The city has appealed to the gay market before. In November, it ran two print ads that depicted Betsy Ross stitching a rainbow flag—a symbol of gay pride—and Ben Franklin flying a rainbow kite.
"There's been a ton of municipalities at this point [that] have done gay marketing, but none of them have gone into TV," said Mike Wilke, founder of Commercial Closet, a nonprofit association and Web site that monitors the way gays and lesbians are portrayed in advertising.
While gay cruise lines RSVP and Olivia employed TV ads in 1998 and 1997, few travel or destination sponsors have used spots to speak to a gay audience. Wilke pointed to last year's Orbitz campaign by Young & Rubicam, which used marionettes to depict male and female business associates admiring the view from their hotel room. While she points to the scenery, he admires a man lounging poolside.

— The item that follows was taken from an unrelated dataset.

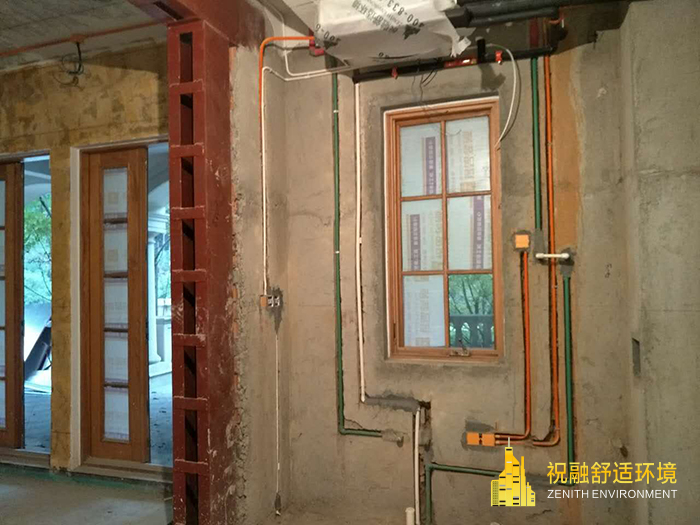 苏州海珀宫爵10-491短视频版高清在线观看免费下载ios案例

In the spot from the Greater Philadelphia Tourism Marketing Corp., a Colonial-era man writes to his love by candlelight. He beseeches the object of his affection to "Journey to Independence Hall, where we will be at liberty to meet this Monday." The scene cuts to the landmark, where the writer waits for his beloved, flowers in hand. A young woman approaches, but he ignores her and lights up at the sight of his boyfriend. An announcer says, "Philadelphia and its countryside has a long history of making everyone feel welcome and free." The campaign tag remains, "Come to Philadelphia. Get your history straight and your night life gay."
"They've gone beyond the 'Come visit us, we're gay friendly,' appeal and focused on what distinguishes Philadelphia from Provincetown or Key West—the long history," Wilke said. "That should appeal to gay people as well as straight people."
The spot, by the Altus Group in Philadelphia, is part of a $2 million campaign that also supports three general-market ads, eight radio commercials and outdoor messages. The TV work will bow in mid-June on Comcast cable channels and run through the summer, said client rep Cara Schneider.
"We're unsure of how people are going to react to this. We know we're going to get beat up by some people," said Schneider, who added that the corporation has no intention of retreating from what it sees as an important step in attracting gay travelers. "We're allowed to see how it goes and take a pulse."
The organization is looking for a third-party endorser to sponsor an extended run and other marketing, Schneider said.